** To do **
Take the listing below and write it out again exactly, skipping any picture that it holds.

Start of Data block

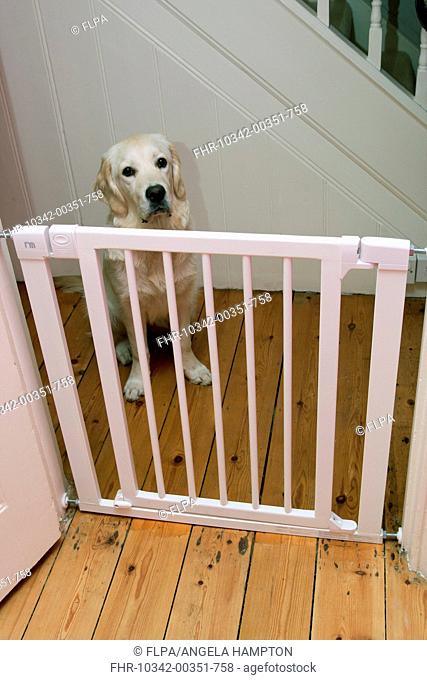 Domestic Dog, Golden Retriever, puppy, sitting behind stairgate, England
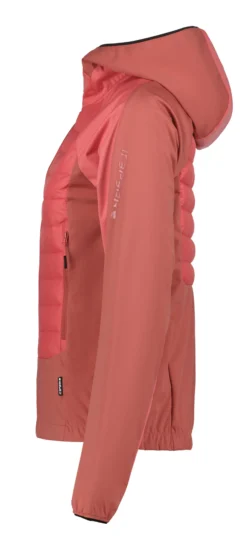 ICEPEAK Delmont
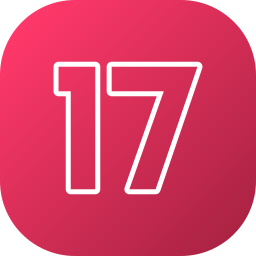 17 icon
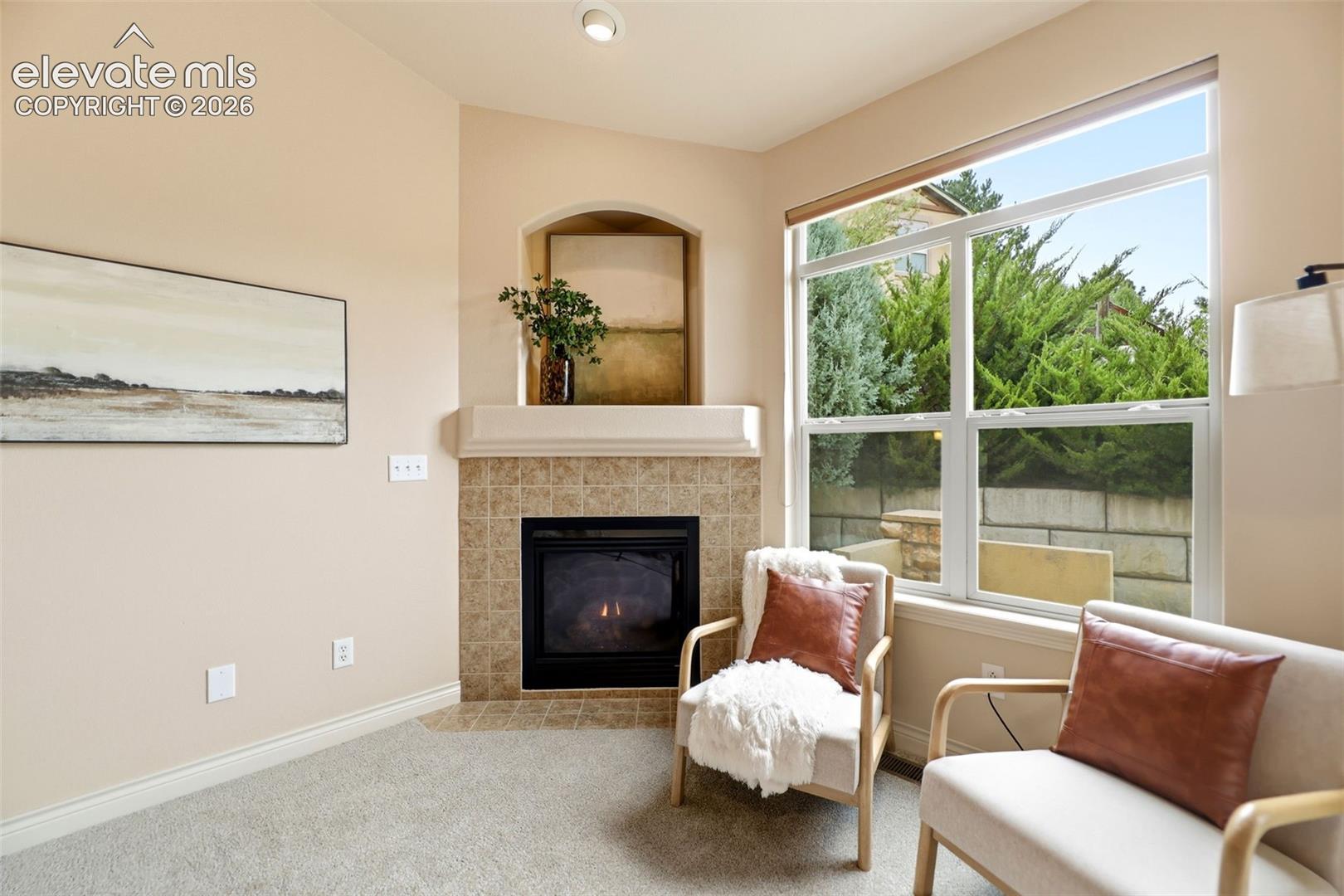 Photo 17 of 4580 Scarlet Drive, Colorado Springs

End of Data block

** Output for this task **
 Domestic Dog, Golden Retriever, puppy, sitting behind stairgate, England
 ICEPEAK Delmont
 17 icon
 Photo 17 of 4580 Scarlet Drive, Colorado Springs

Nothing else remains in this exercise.